▶ [Directions] Would you please set down the data again exactly as given, excluding the pictures?

▶ [Material for this task]
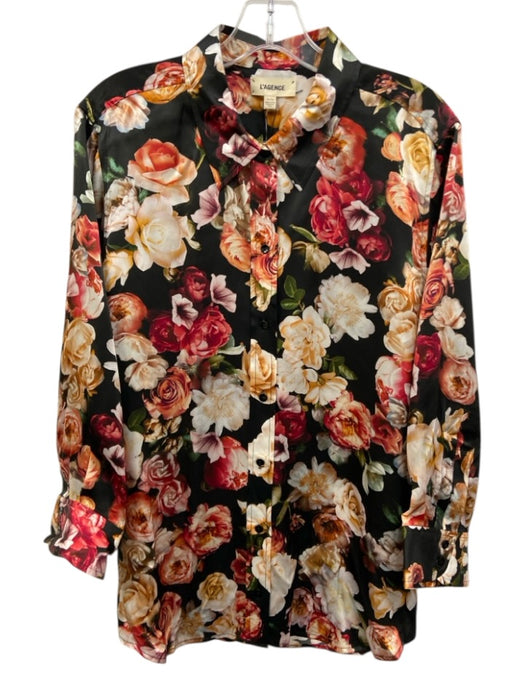 L'agence Size XL Black Multi Silk Flora & Fauna 3/4 Sleeve Top Black Multi / XL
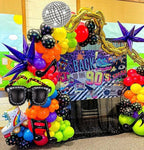 90s 80s Disco Theme Party Decorations, 171Pcs Balloon Arch Kit with Retro Disco Ball Radio Glasses Roller Skate Musical Note Chain Star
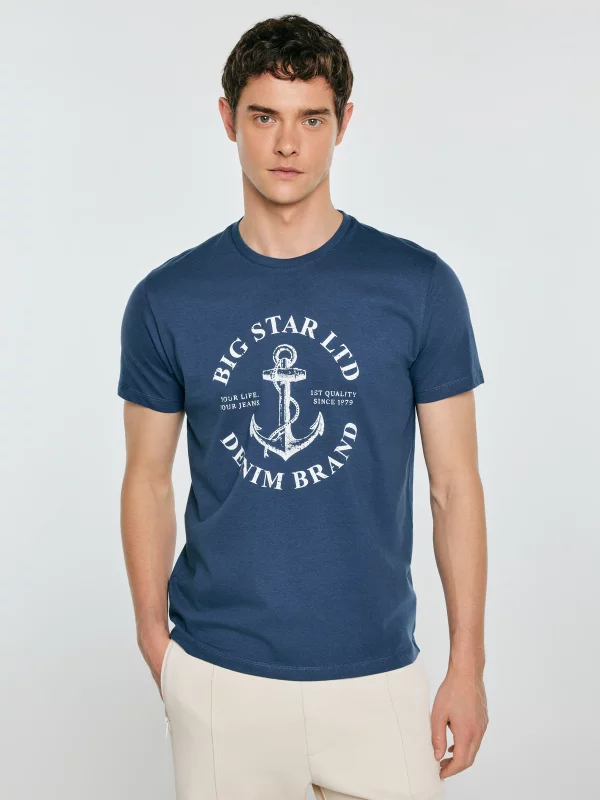 Koszulka męska z kontrastowym nadrukiem ciemnoniebieska Kartes 402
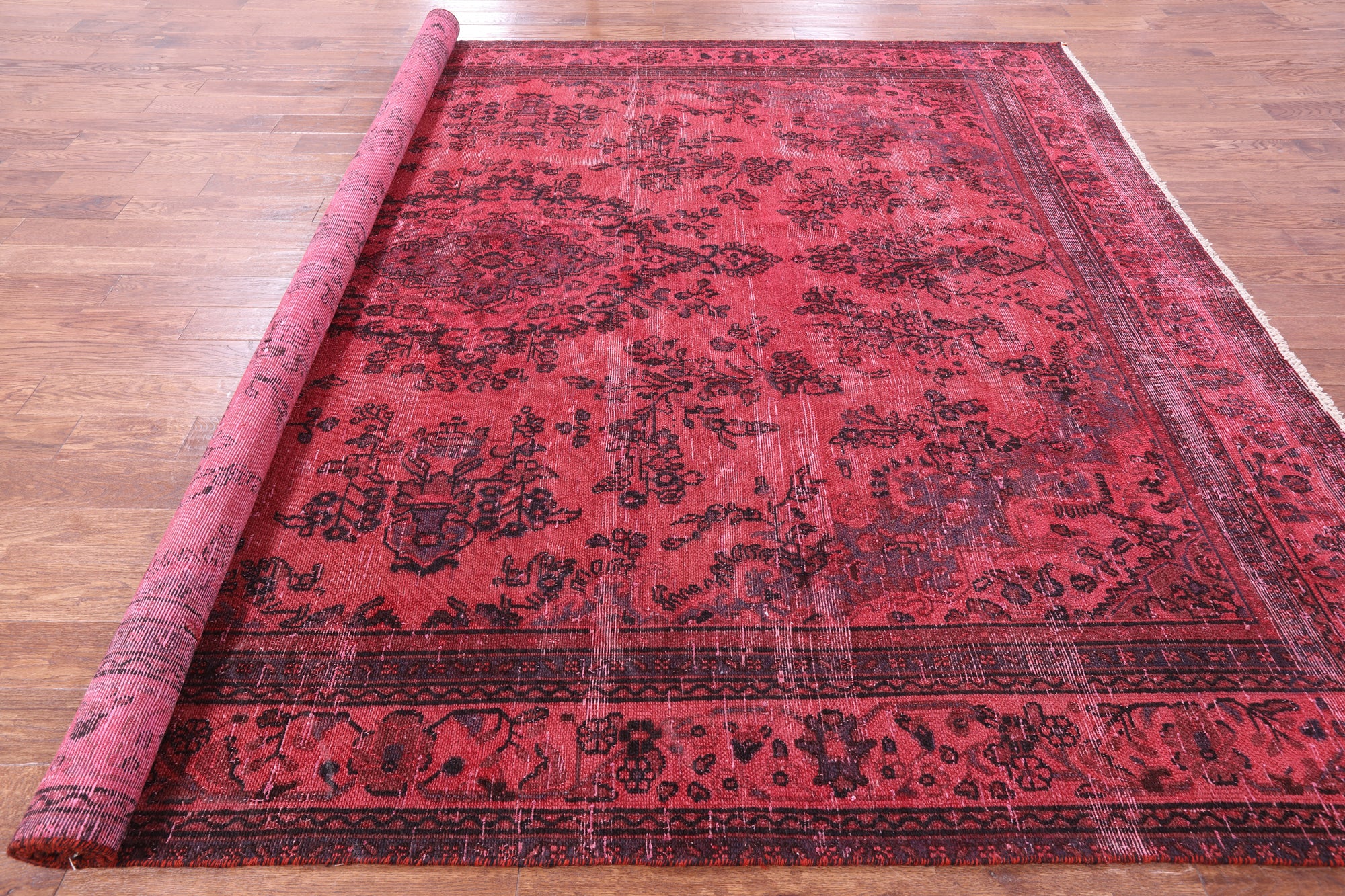 Red Persian Overdyed Hand Knotted Wool Rug - 9' 6" X 12' 7" - Golden Nile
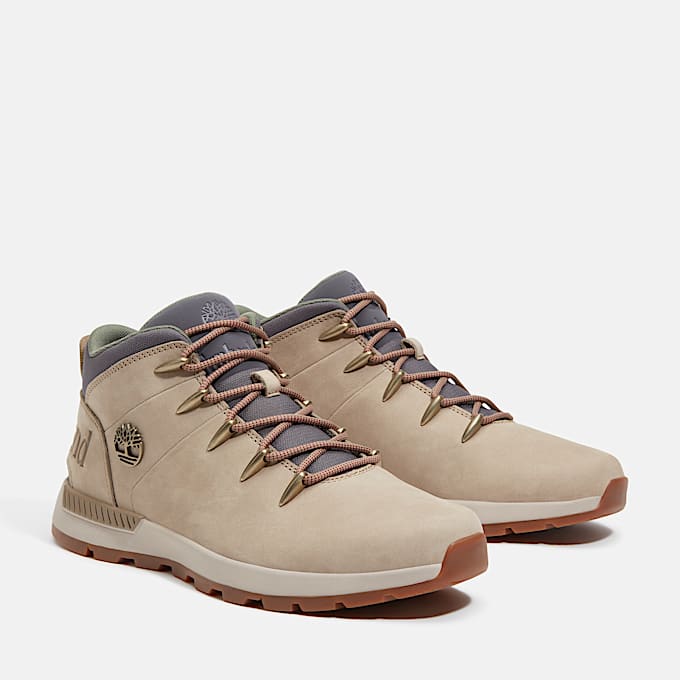 Sprint Trekker Mid Lace-Up Trainer for Men in Beige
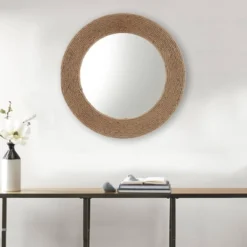 Round Cove Jute Decorative Wall Mirror Natural - Madison Park -Home Shop GUEST 76e84c67 48f6 406c 9a45 a303bc776191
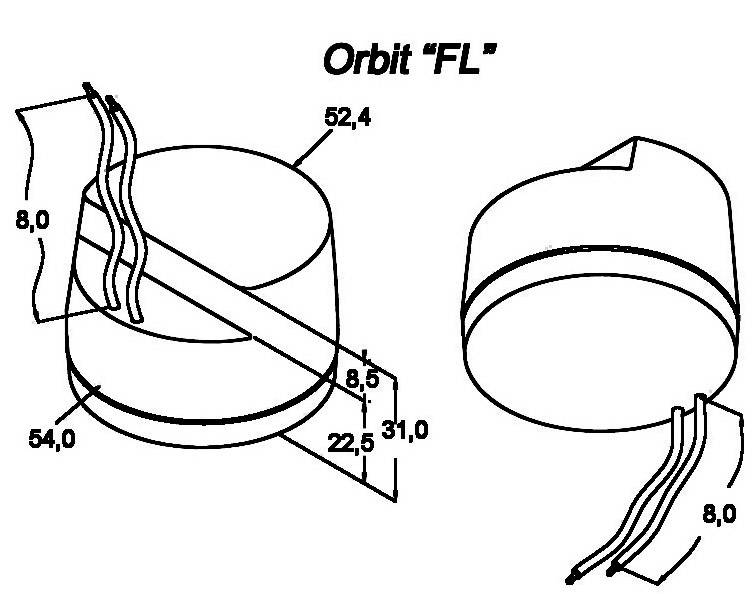 Deux représentations schématiques d'un objet rond avec des indications de dimensions. À gauche : avec des lignes diagonales, à droite : sans lignes. Texte dans l'image : 'Orbit "FL"'.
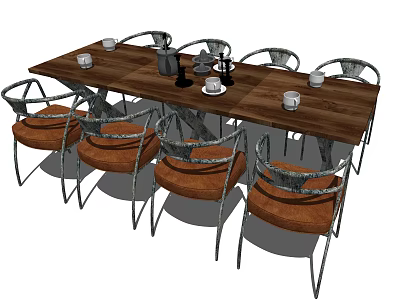 Dining Table Set With Wooden Top Metal Frame Chairs Orange Padded Seats And Cups 3d model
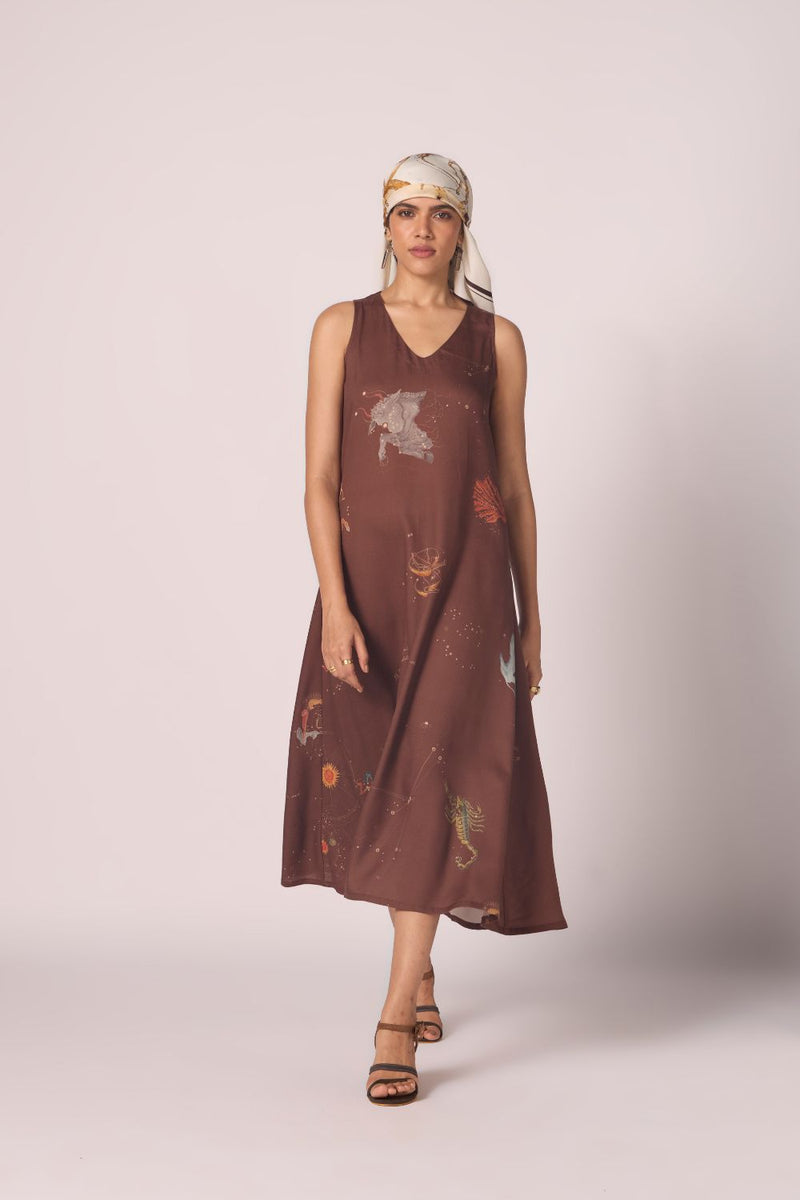 Saira Brown Zodiac Print Maxi Dress by The Summer House in brown color for women Worldwide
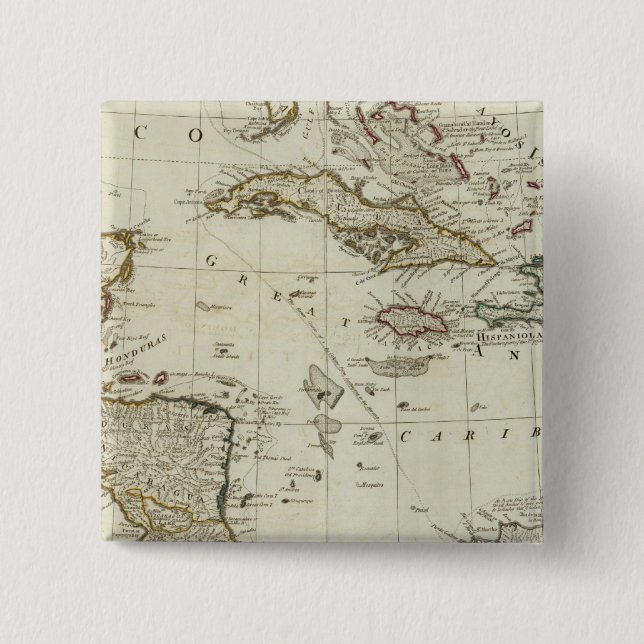 North America's new map 15 Cm Square Badge (Front)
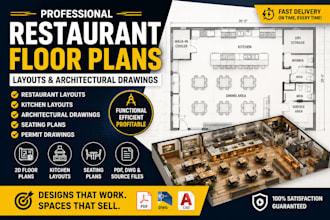 design restaurant floor plans,  layout and architectural drawings for cafes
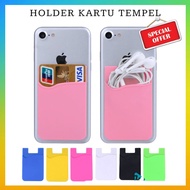 Silicon Card Holder / Dompet Kartu Stand Hp Tempat Kartu Multifungsi Phone Sticky Card Holder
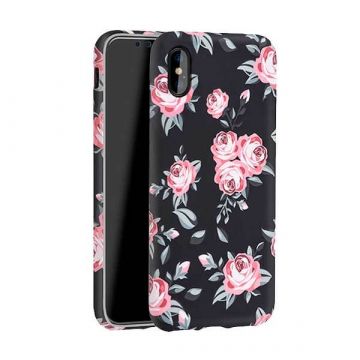 Achat Coque à motifs fleuris noire Hoco iPhone X Xs COQPX-042x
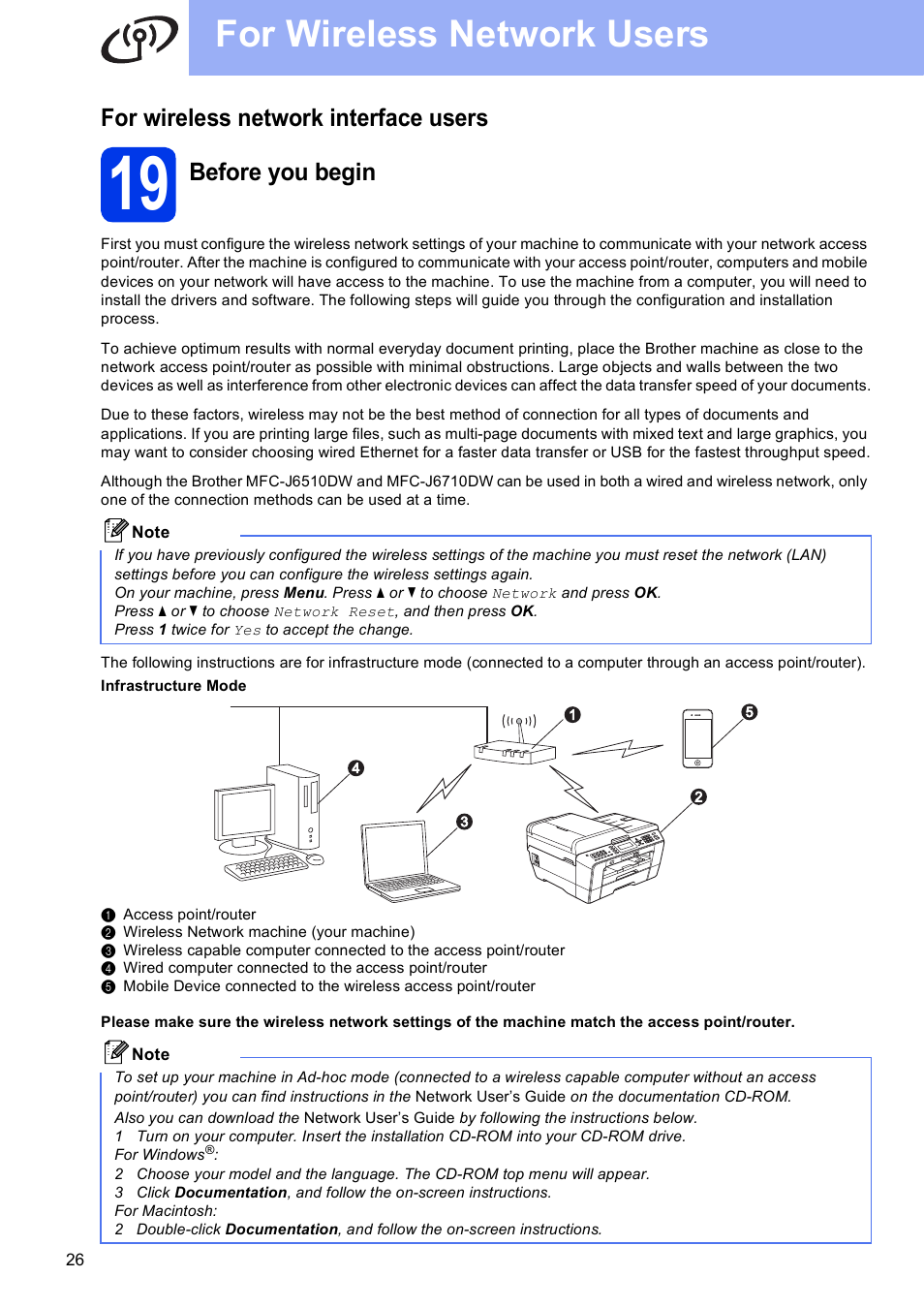 For wireless network interface users, 19 before you begin, For wireless network users | Before you begin | Brother MFC J6510DW User Manual | Page 26 / 40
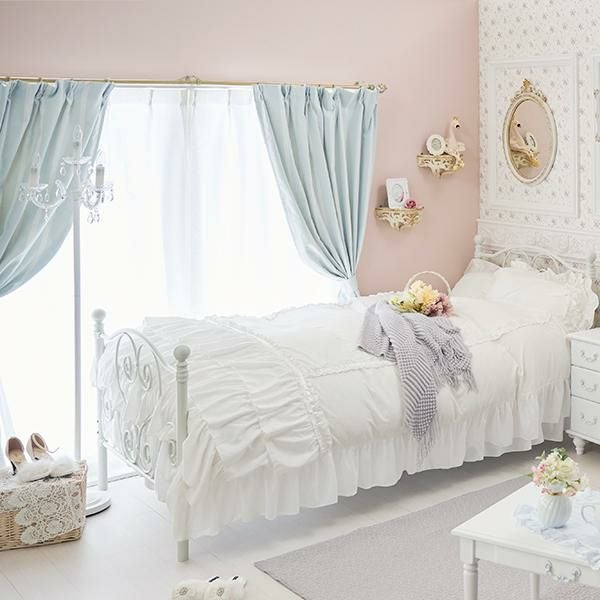 リボンテープ調ジャガードカーテン（ブルー・幅１５０ｃｍ×丈１２０～１３８ｃｍ・２枚組） オーダーカーテン（遮光なし） 画像4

▶ [Answer area]
 L'agence Size XL Black Multi Silk Flora & Fauna 3/4 Sleeve Top Black Multi / XL
 90s 80s Disco Theme Party Decorations, 171Pcs Balloon Arch Kit with Retro Disco Ball Radio Glasses Roller Skate Musical Note Chain Star
 Koszulka męska z kontrastowym nadrukiem ciemnoniebieska Kartes 402
 Red Persian Overdyed Hand Knotted Wool Rug - 9' 6" X 12' 7" - Golden Nile
 Sprint Trekker Mid Lace-Up Trainer for Men in Beige
 Round Cove Jute Decorative Wall Mirror Natural - Madison Park -Home Shop GUEST 76e84c67 48f6 406c 9a45 a303bc776191
 Deux représentations schématiques d'un objet rond avec des indications de dimensions. À gauche : avec des lignes diagonales, à droite : sans lignes. Texte dans l'image : 'Orbit "FL"'.
 Dining Table Set With Wooden Top Metal Frame Chairs Orange Padded Seats And Cups 3d model
 Saira Brown Zodiac Print Maxi Dress by The Summer House in brown color for women Worldwide
 North America's new map 15 Cm Square Badge (Front)
 design restaurant floor plans,  layout and architectural drawings for cafes
 Silicon Card Holder / Dompet Kartu Stand Hp Tempat Kartu Multifungsi Phone Sticky Card Holder
 Achat Coque à motifs fleuris noire Hoco iPhone X Xs COQPX-042x
 For wireless network interface users, 19 before you begin, For wireless network users | Before you begin | Brother MFC J6510DW User Manual | Page 26 / 40
 リボンテープ調ジャガードカーテン（ブルー・幅１５０ｃｍ×丈１２０～１３８ｃｍ・２枚組） オーダーカーテン（遮光なし） 画像4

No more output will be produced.